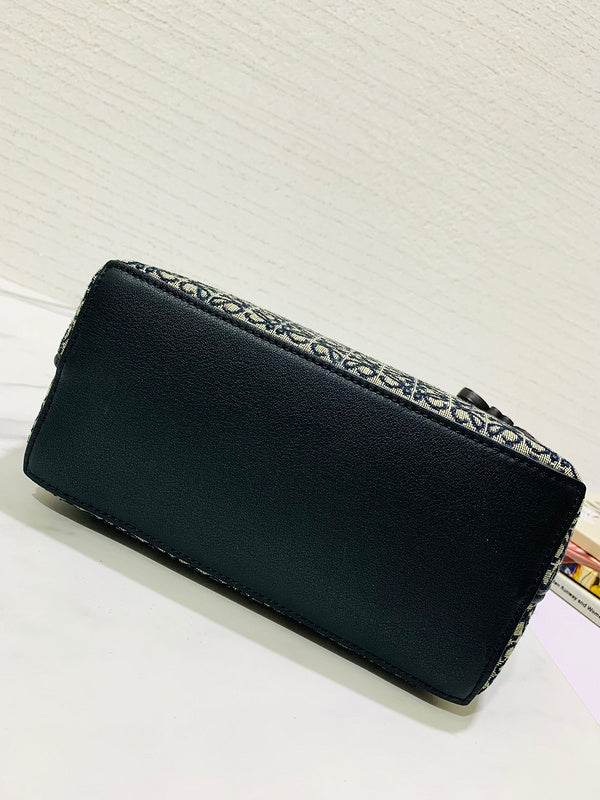 Ziva's Charm handbag – carry view (21cm*10cm*22cm)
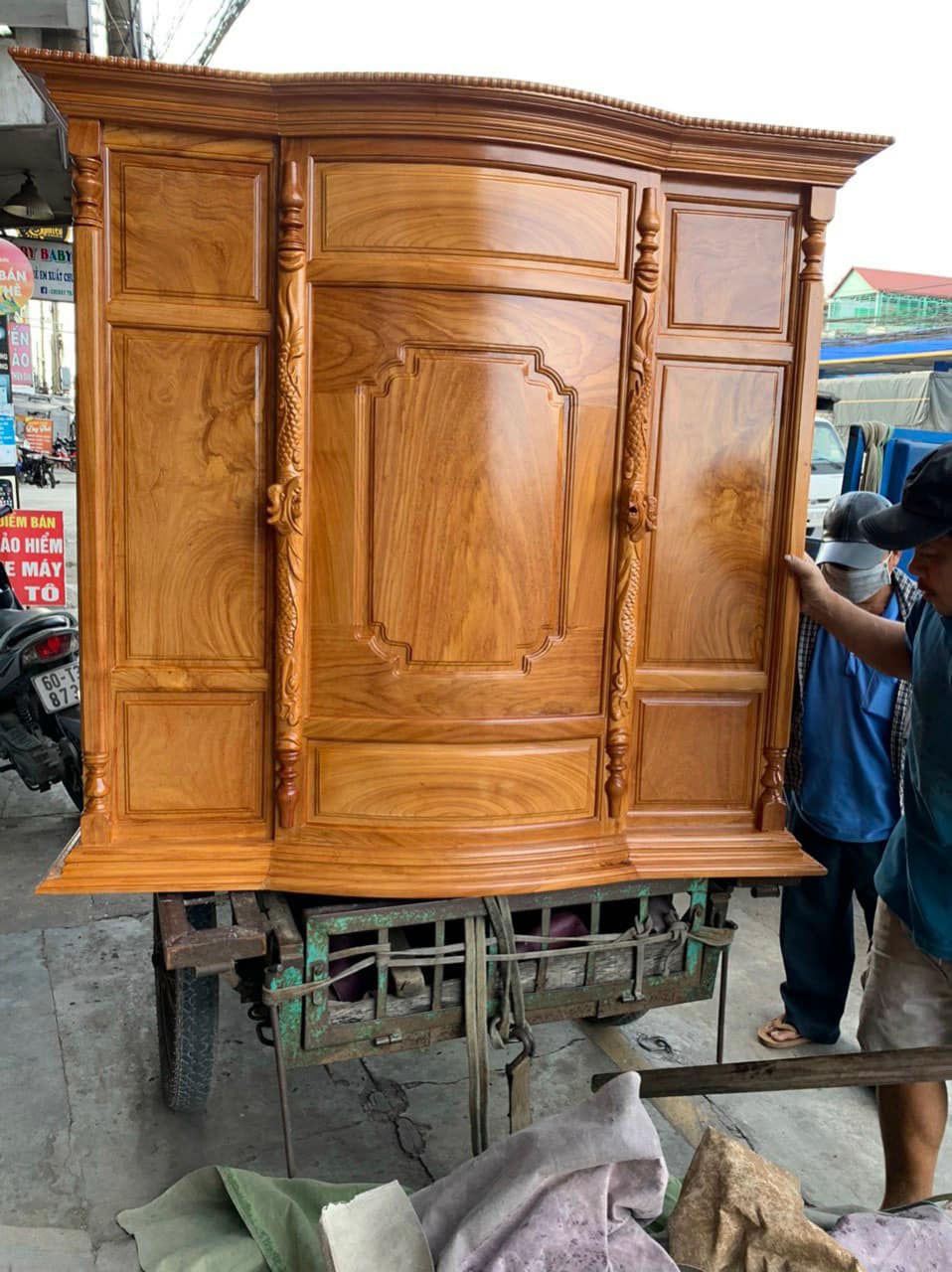 Tủ thờ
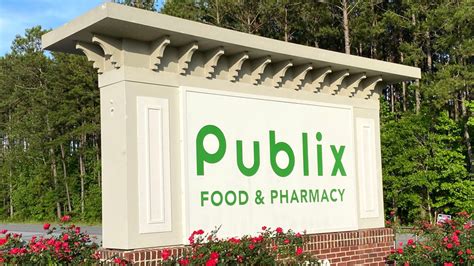 will publix be open on new year's day|More.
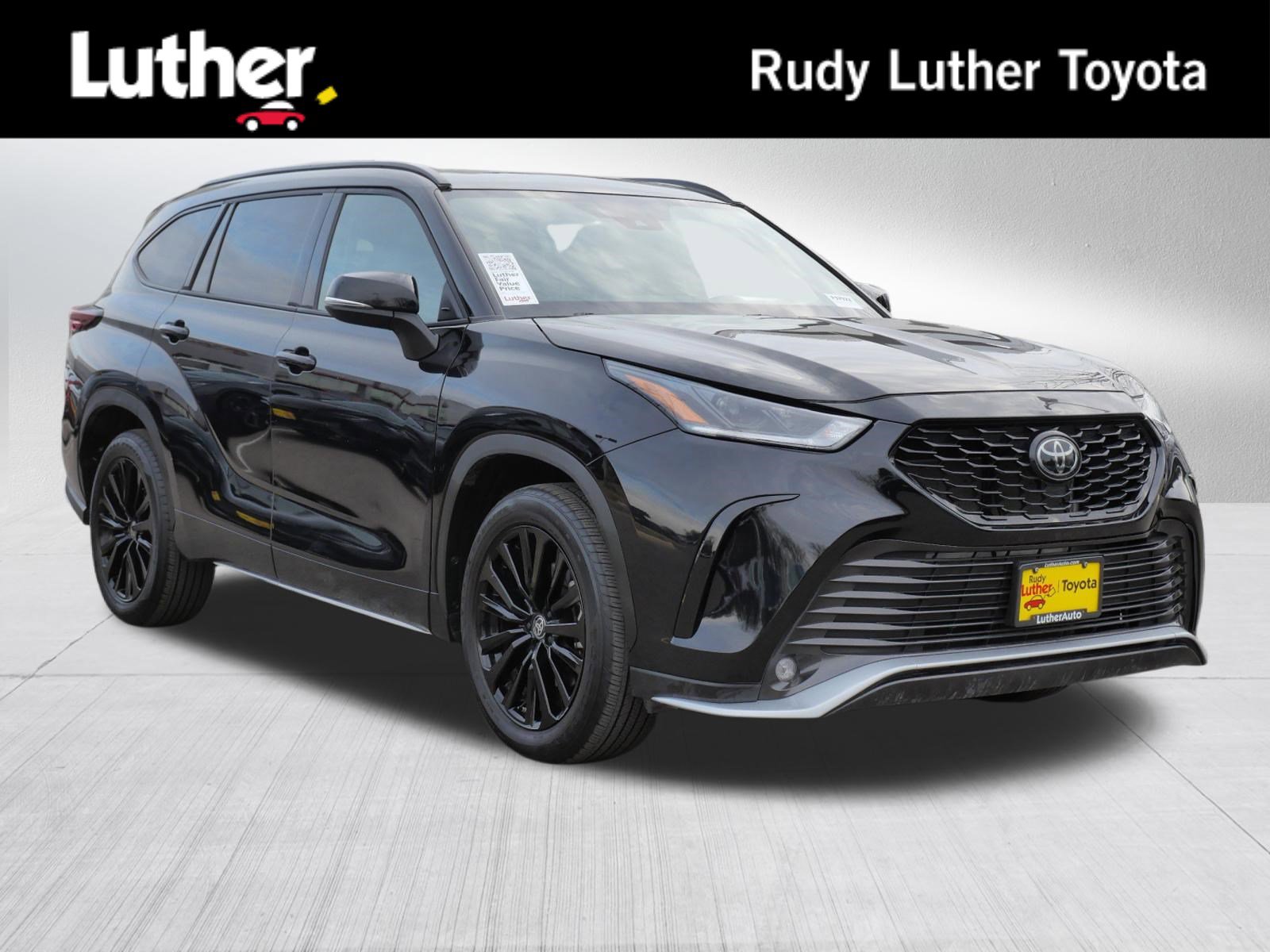 Certified 2025 Toyota Highlander XSE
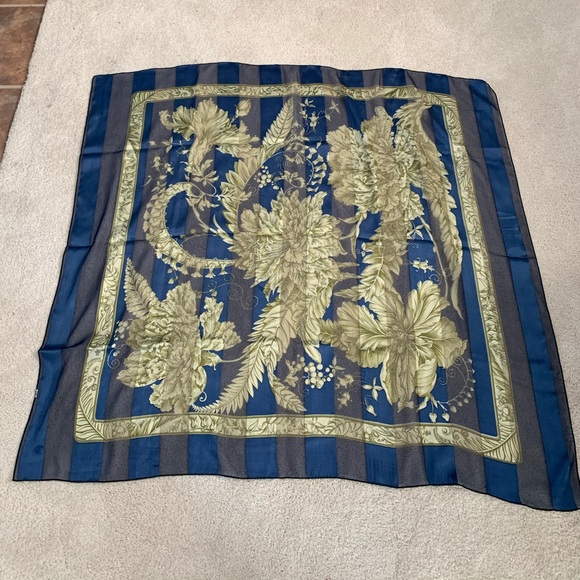 Scarf Navy and Gold - Picture 2 of 6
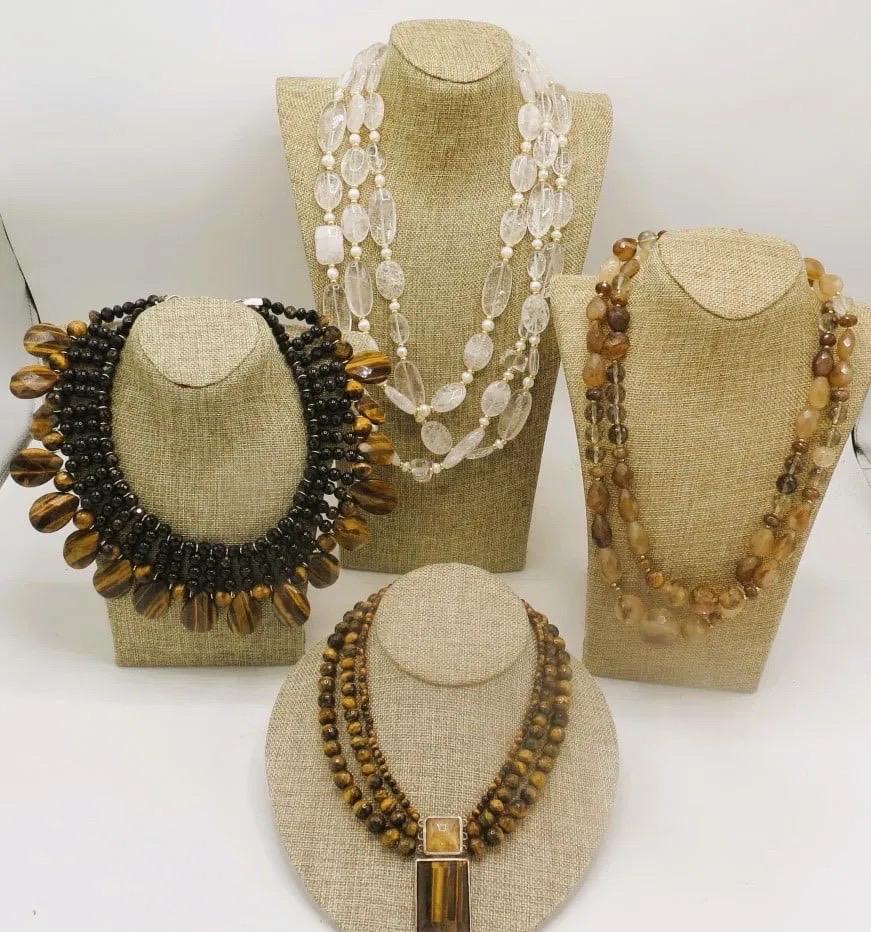 Collares Cuatro Piedras Reales de Monica Erre Siglo XXI y contemporáneo en venta
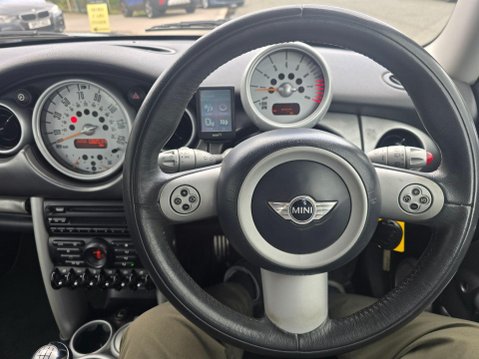 Mini Hatch 1.6 Cooper S Euro 3 3dr 19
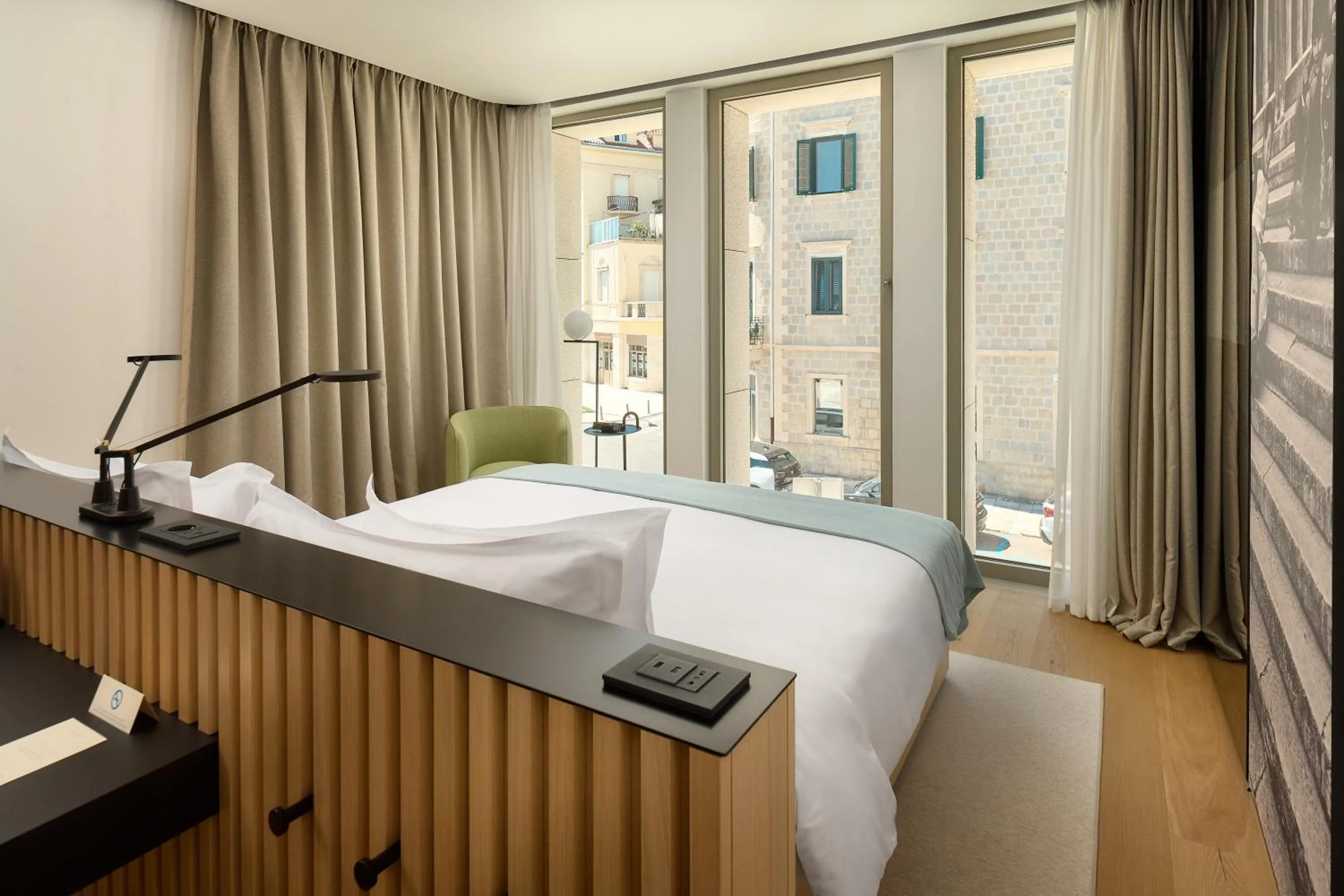 Classic King Room with Street View in Hotel Ambasador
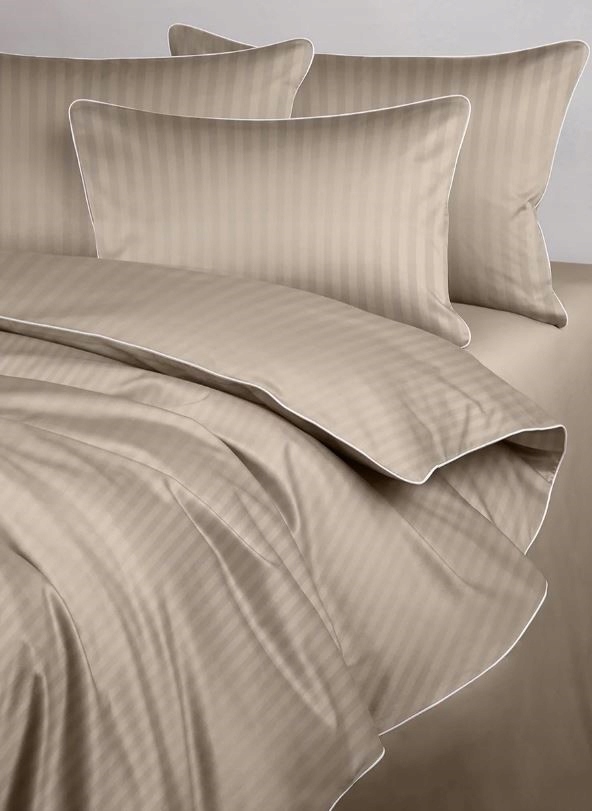 Damaškové obliečky macchiato béžové s bielym lemom 160x200 Maro Home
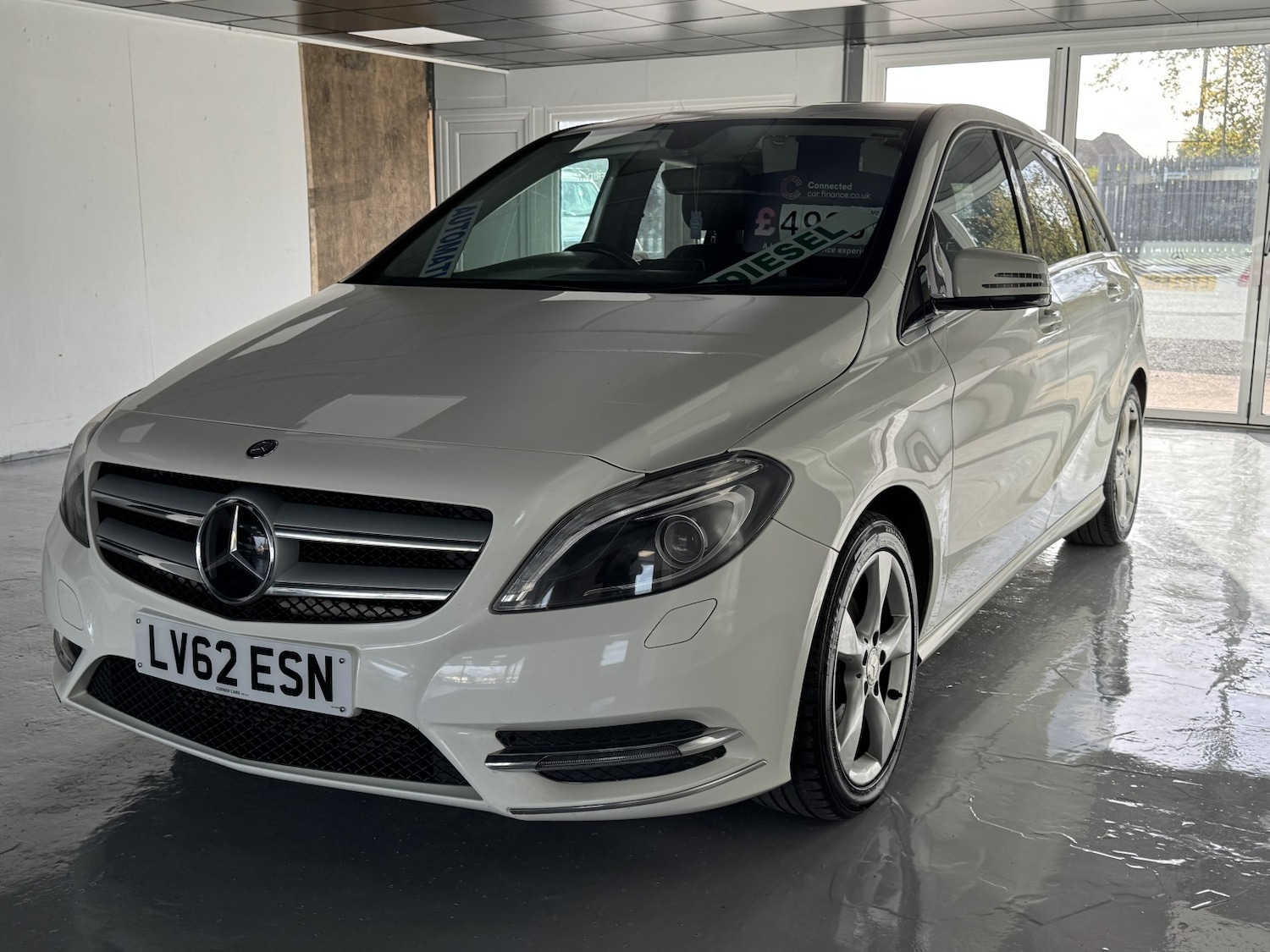 Used Mercedes-Benz B Class 2012 for sale - 76387335: Photo 2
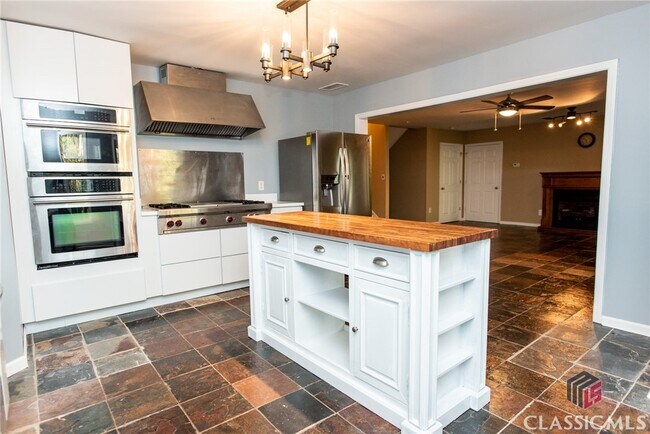 Photo - 40 Firethorne Point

#####

▶ EXERCISE OBJECTIVE: Only the text of the records above is to be reproduced, exactly as given; the pictures are dropped.

▶ TASK ANSWER:
 Ziva's Charm handbag – carry view (21cm*10cm*22cm)
 Tủ thờ
 will publix be open on new year's day|More.
 Certified 2025 Toyota Highlander XSE
 Scarf Navy and Gold - Picture 2 of 6
 Collares Cuatro Piedras Reales de Monica Erre Siglo XXI y contemporáneo en venta
 Mini Hatch 1.6 Cooper S Euro 3 3dr 19
 Classic King Room with Street View in Hotel Ambasador
 Damaškové obliečky macchiato béžové s bielym lemom 160x200 Maro Home
 Used Mercedes-Benz B Class 2012 for sale - 76387335: Photo 2
 Photo - 40 Firethorne Point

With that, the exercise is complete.